● Source records
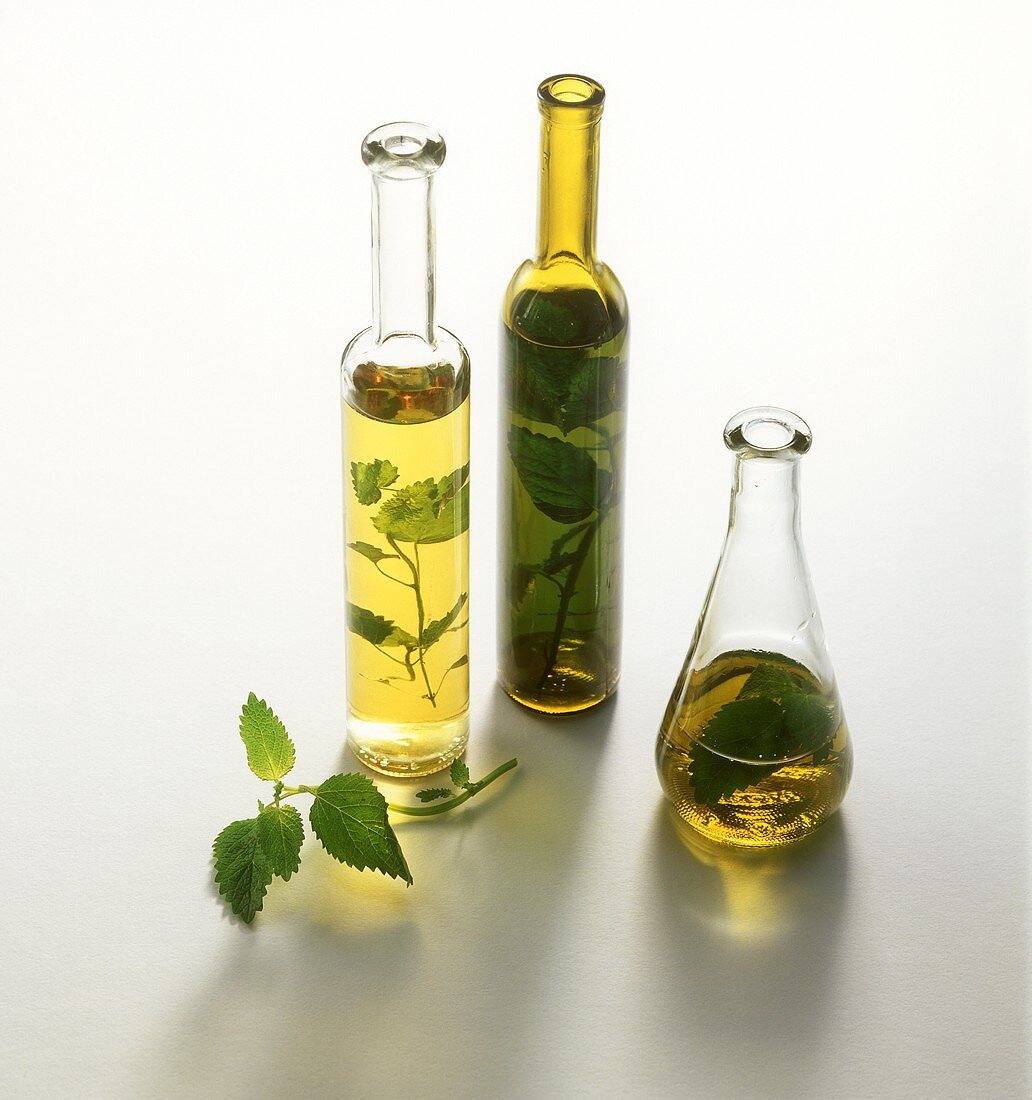 Three herb vinegars in bottles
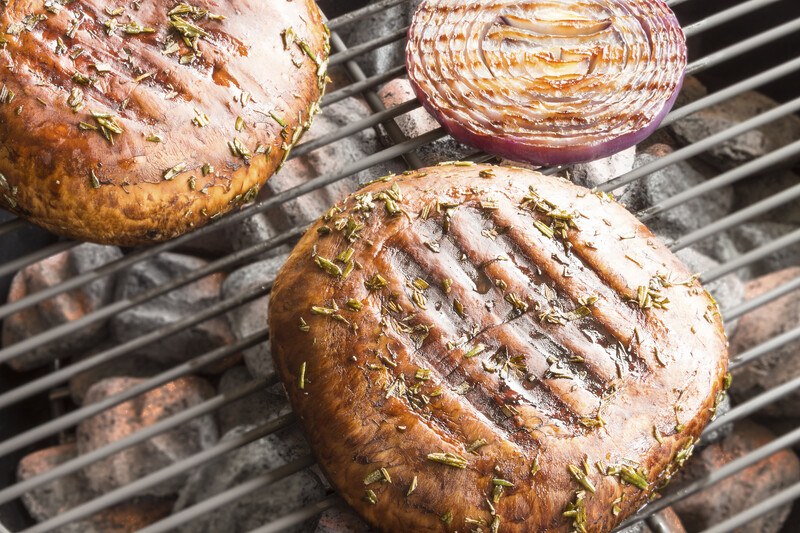 on a grill is a couple of Portobello mushrooms and a sliced red onion with visible grill marks and chopped herbs on top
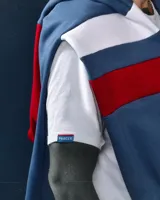 Canguro de felpa azul jean gastado con capucha roja y tiras blancas y rojas en las mangas. Diseño original de autor, corte holgado.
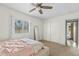 Bright bedroom with a ceiling fan, spacious closet, and a sun-filled window at 11420 N 50Th St, Scottsdale, AZ 85254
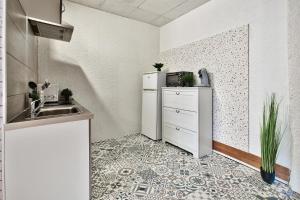 Kuchyň nebo kuchyňský kout v ubytování Appartement L'Elégant Chalonnais - Hyper-Centre + 5 fotografií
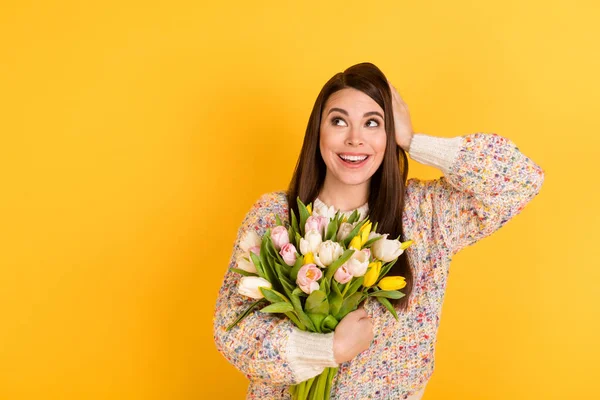 Fotografie šokované snivé roztomilé mladé ženy vypadají prázdné místo držet ruku hlavu květiny tulipány izolované na žlutém pozadí — Stock fotografie
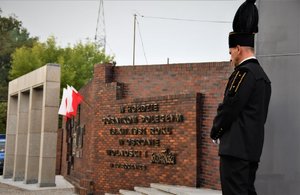 Kolorowe zdjęcie przedstawia tablice upamiętniająca śmierć górników. Na pierwszym planie górnik w mundurze, w tle widoczne flagi Polski.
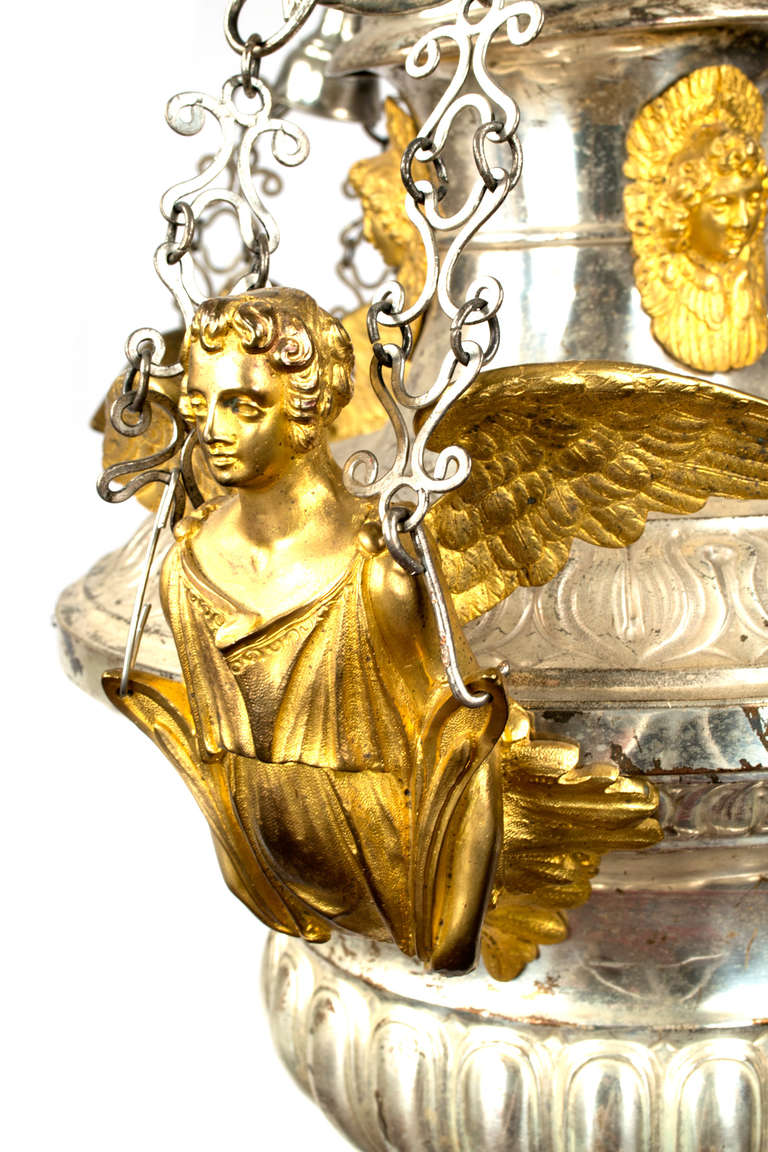 Known as a thurible to Catholics, this large censer — used to waft incense —  has been wired with a light and is suspended from decorative linked chains connected to three gilt angels. The neck is decorated with gilt seraphim.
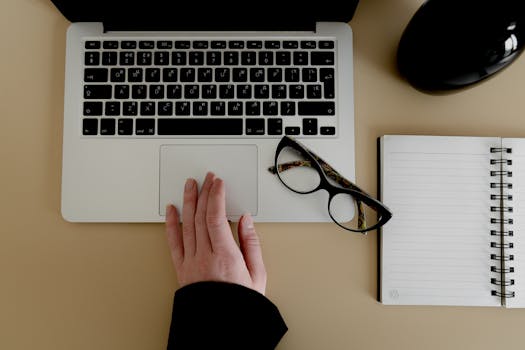 Hand on a laptop trackpad with notebook, eyeglasses, on a beige desk. Perfect for business or technology themes.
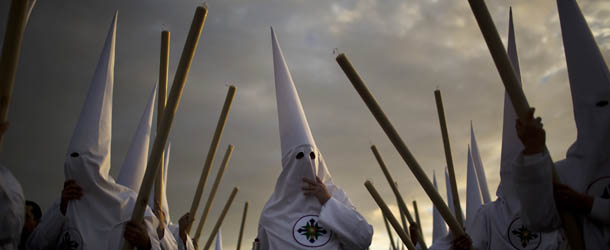 Penitents from "San Gonzalo" brotherhood take part in a procession in Seville, Spain, Monday, March 25, 2013. Hundreds of processions take place throughout Spain during the Easter Holy Week. (AP Photo/Emilio Morenatti)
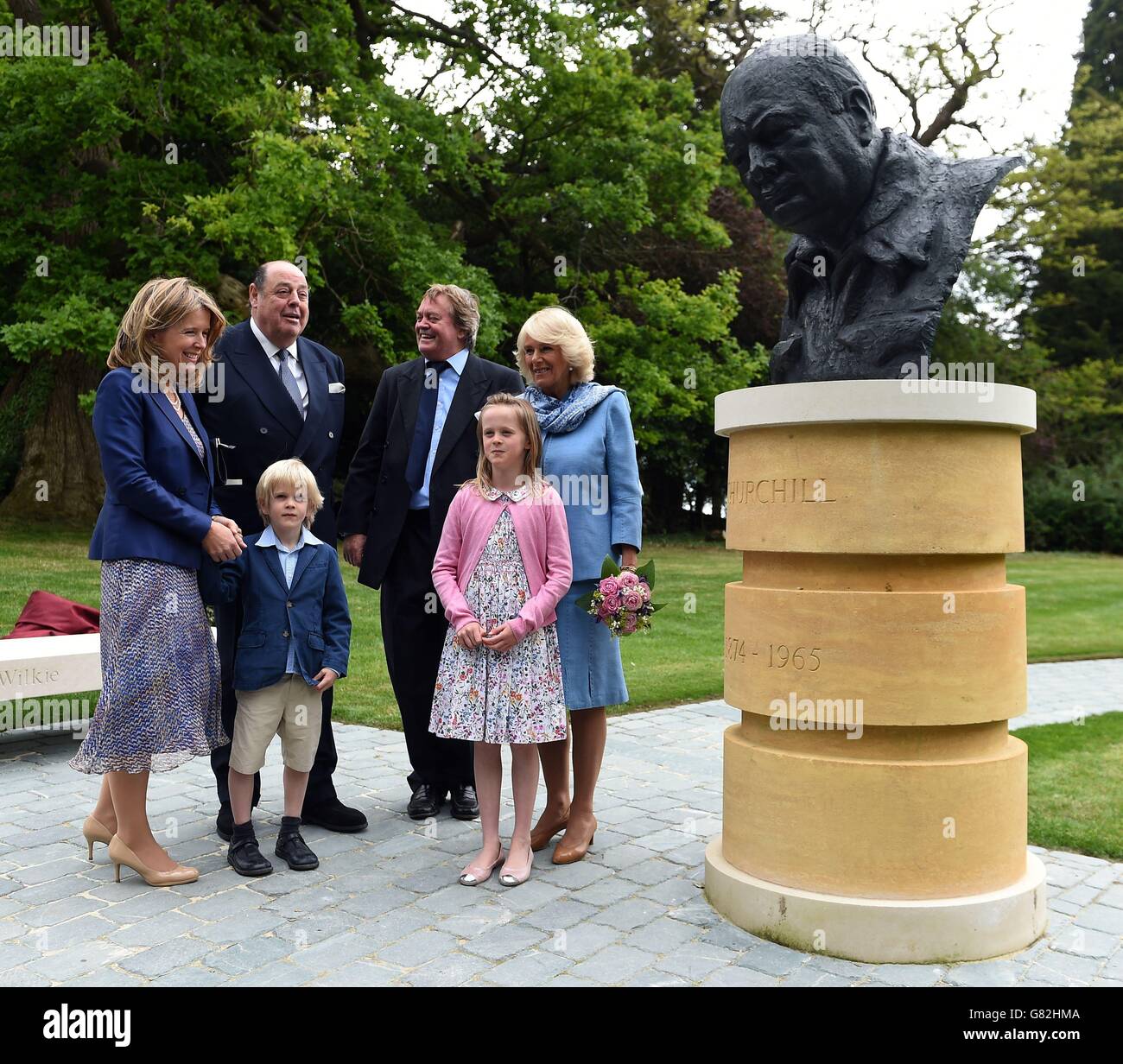 The Duchess of Cornwall (right) with Sir Nicholas Soames MP (second left) along with The Duke of Marlborough, Jamie Spencer-Churchill (third right) his wife Edla Griffiths (left), his son Lord Caspar Spencer-Churchill (third left) and daughter Lady Araminta Spencer-Churchill stand next to a newly unveiled bust of Sir Winston Churchill in the grounds of Blenheim Palace, Oxfordshire. Stock Photo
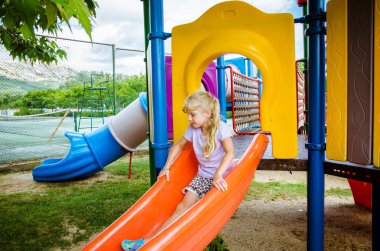 slayt içinde eğlenmek uzun saçlı sevimli küçük sarışın kız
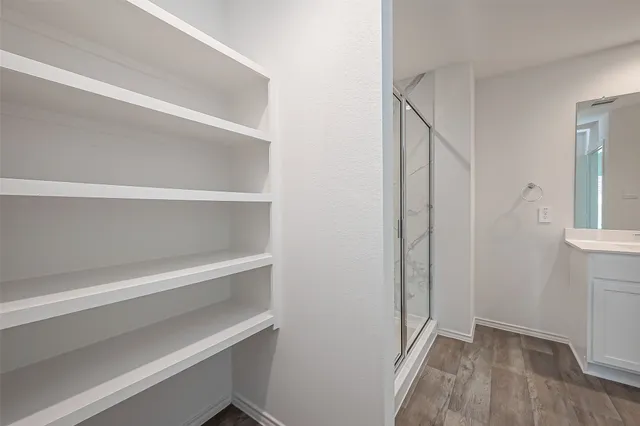 a view of an empty walk in closet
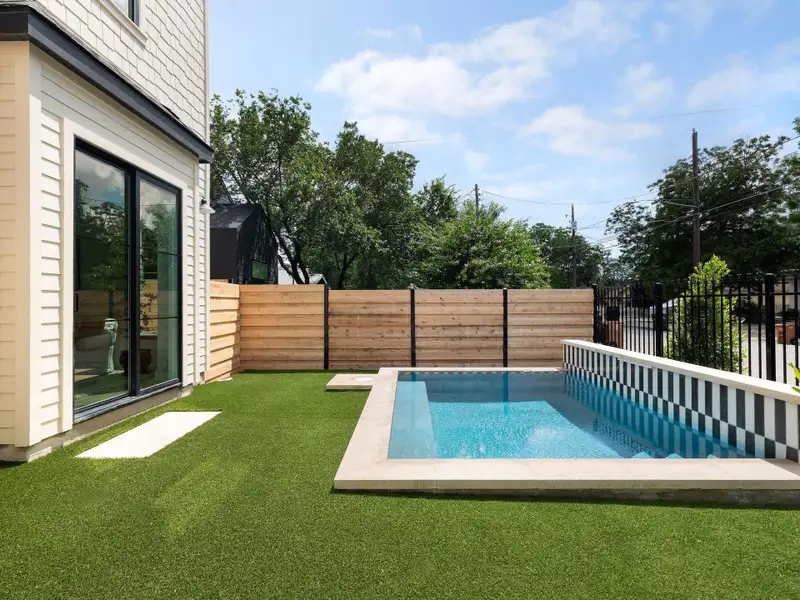 An inviting private pool beckons, surrounded by neatly manicured green space and contemporary fencing.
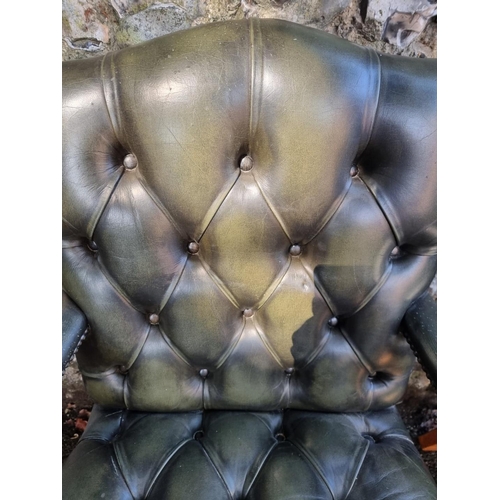 1108 - A pair of reproduction green buttoned leather and beech Gainsborough chairs.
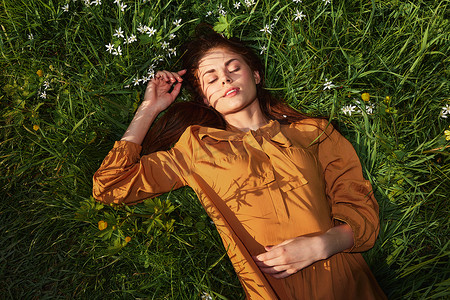 一个轻松的女人，躺在绿草地上休息，穿着橙色的长裙，闭着眼睛，脸上挂着愉快的微笑，正在休养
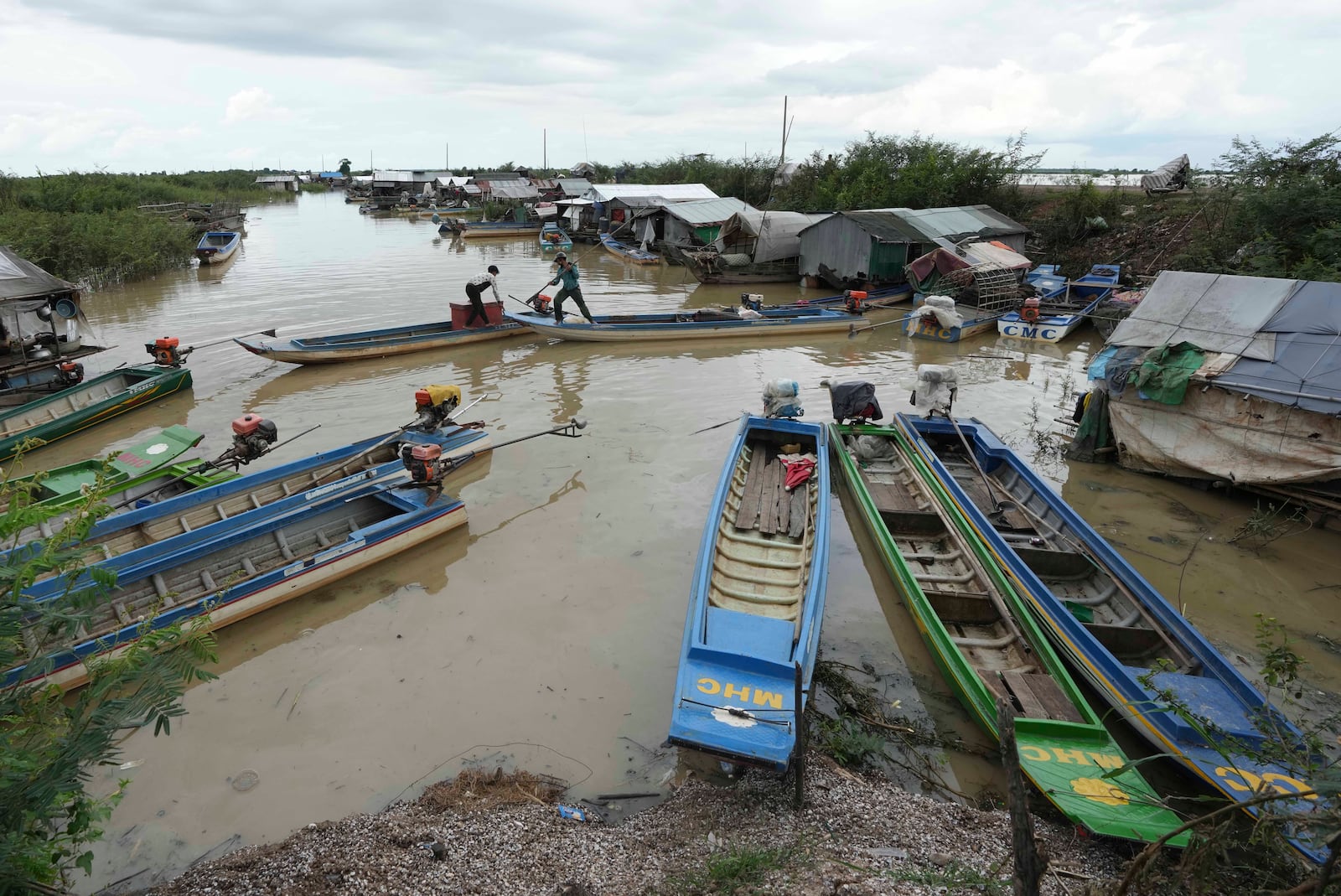 Boats of fisherfolk are anchored by a floating village, by the Tonle Sap in Kampong Chhnang province, Cambodia, Thursday, Aug. 1, 2024, (AP Photo/Heng Sinith)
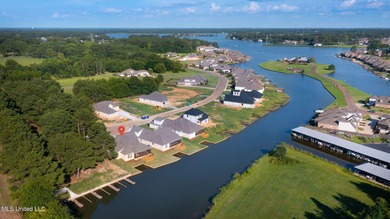 EXPERIENCE WATERFRONT LIVING AT ITS FINEST IN BEAUTIFUL LAKE on Lake Caroline Golf Club in Mississippi - for sale on GolfHomes.com, golf home, golf lot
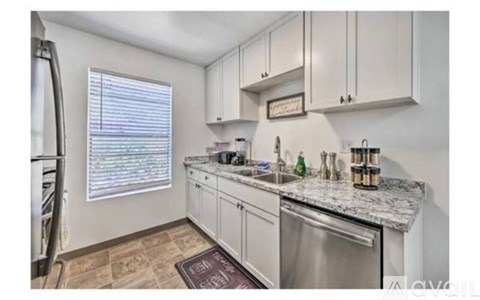 A kitchen with white cabinets and a granite countertop.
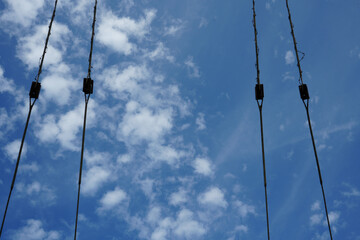 Obraz premium Wire ropes and pulleys against a blue sky with clouds on the East Midlands Airport Trail Nottinghamshire England outdoor scene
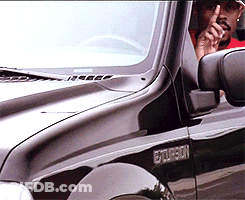 Man In Red Shirt Sitting In Black Ford Explorer GIF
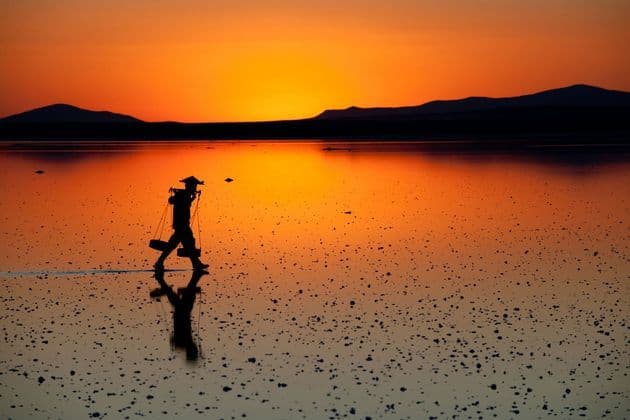 Una sagoma con cappello conico e bilanciere in spalla cammina in acque basse e riflettenti al tramonto.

● What you need to do
Leave out the pictures and reproduce the rest of the records exactly.

● Completed exercise
 Three herb vinegars in bottles
 on a grill is a couple of Portobello mushrooms and a sliced red onion with visible grill marks and chopped herbs on top
 Canguro de felpa azul jean gastado con capucha roja y tiras blancas y rojas en las mangas. Diseño original de autor, corte holgado.
 Bright bedroom with a ceiling fan, spacious closet, and a sun-filled window at 11420 N 50Th St, Scottsdale, AZ 85254
 Kuchyň nebo kuchyňský kout v ubytování Appartement L'Elégant Chalonnais - Hyper-Centre + 5 fotografií
 Fotografie šokované snivé roztomilé mladé ženy vypadají prázdné místo držet ruku hlavu květiny tulipány izolované na žlutém pozadí — Stock fotografie
 Kolorowe zdjęcie przedstawia tablice upamiętniająca śmierć górników. Na pierwszym planie górnik w mundurze, w tle widoczne flagi Polski.
 Known as a thurible to Catholics, this large censer — used to waft incense —  has been wired with a light and is suspended from decorative linked chains connected to three gilt angels. The neck is decorated with gilt seraphim.
 Hand on a laptop trackpad with notebook, eyeglasses, on a beige desk. Perfect for business or technology themes.
 Penitents from "San Gonzalo" brotherhood take part in a procession in Seville, Spain, Monday, March 25, 2013. Hundreds of processions take place throughout Spain during the Easter Holy Week. (AP Photo/Emilio Morenatti)
 The Duchess of Cornwall (right) with Sir Nicholas Soames MP (second left) along with The Duke of Marlborough, Jamie Spencer-Churchill (third right) his wife Edla Griffiths (left), his son Lord Caspar Spencer-Churchill (third left) and daughter Lady Araminta Spencer-Churchill stand next to a newly unveiled bust of Sir Winston Churchill in the grounds of Blenheim Palace, Oxfordshire. Stock Photo
 slayt içinde eğlenmek uzun saçlı sevimli küçük sarışın kız
 a view of an empty walk in closet
 An inviting private pool beckons, surrounded by neatly manicured green space and contemporary fencing.
 1108 - A pair of reproduction green buttoned leather and beech Gainsborough chairs.
 一个轻松的女人，躺在绿草地上休息，穿着橙色的长裙，闭着眼睛，脸上挂着愉快的微笑，正在休养
 Boats of fisherfolk are anchored by a floating village, by the Tonle Sap in Kampong Chhnang province, Cambodia, Thursday, Aug. 1, 2024, (AP Photo/Heng Sinith)
 EXPERIENCE WATERFRONT LIVING AT ITS FINEST IN BEAUTIFUL LAKE on Lake Caroline Golf Club in Mississippi - for sale on GolfHomes.com, golf home, golf lot
 A kitchen with white cabinets and a granite countertop.
 Obraz premium Wire ropes and pulleys against a blue sky with clouds on the East Midlands Airport Trail Nottinghamshire England outdoor scene
 Man In Red Shirt Sitting In Black Ford Explorer GIF
 Una sagoma con cappello conico e bilanciere in spalla cammina in acque basse e riflettenti al tramonto.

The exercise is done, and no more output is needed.